- Exercise objective -
Retype, exactly and completely, the listing that comes next, skipping its images.

- Recorded information -

= = =

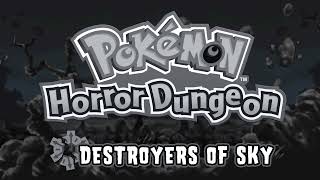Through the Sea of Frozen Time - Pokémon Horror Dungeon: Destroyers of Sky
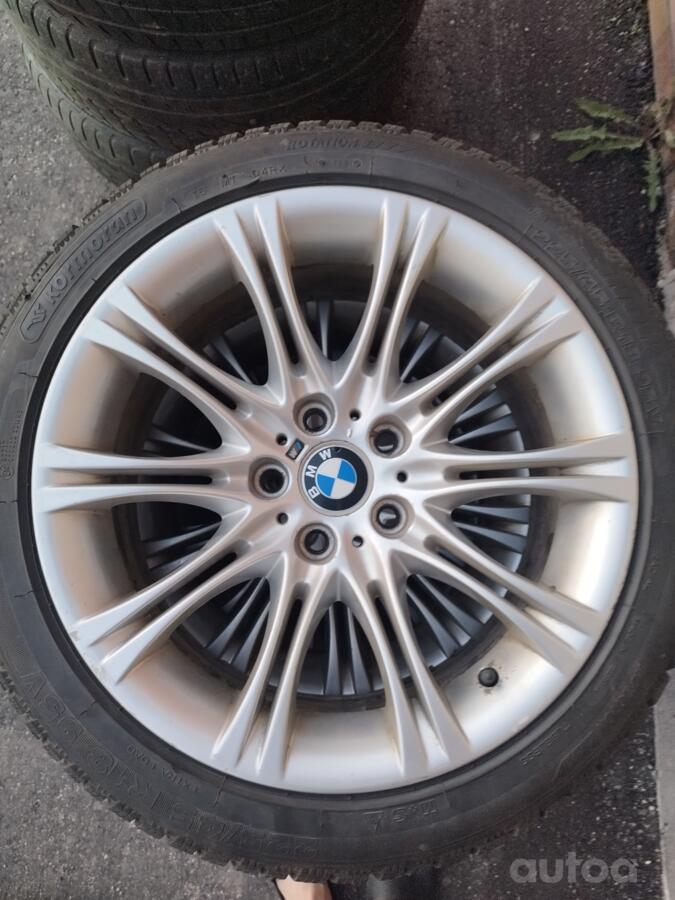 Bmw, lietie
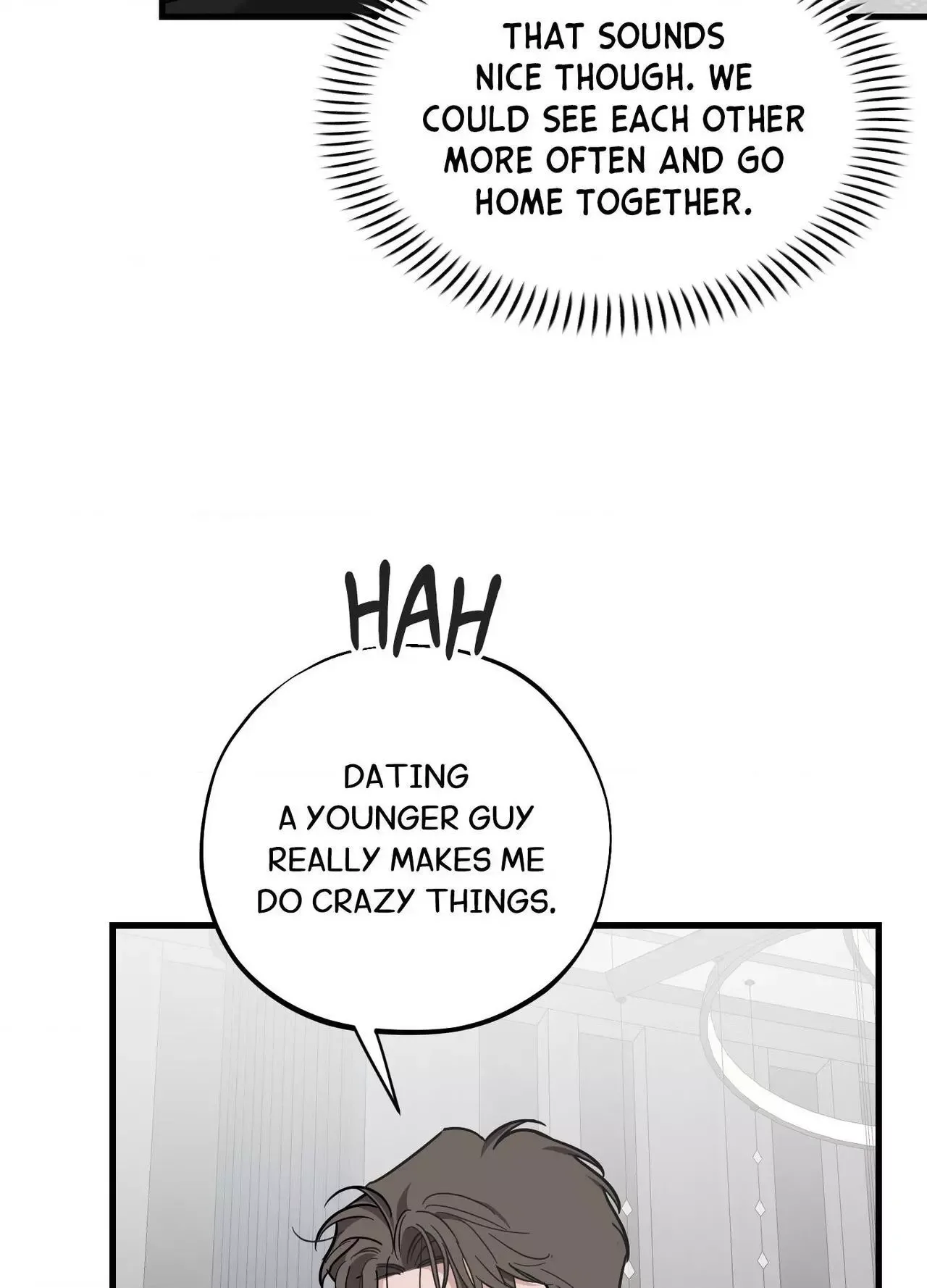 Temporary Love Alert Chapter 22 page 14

= = =

- Response area -
Through the Sea of Frozen Time - Pokémon Horror Dungeon: Destroyers of Sky
 Bmw, lietie
 Temporary Love Alert Chapter 22 page 14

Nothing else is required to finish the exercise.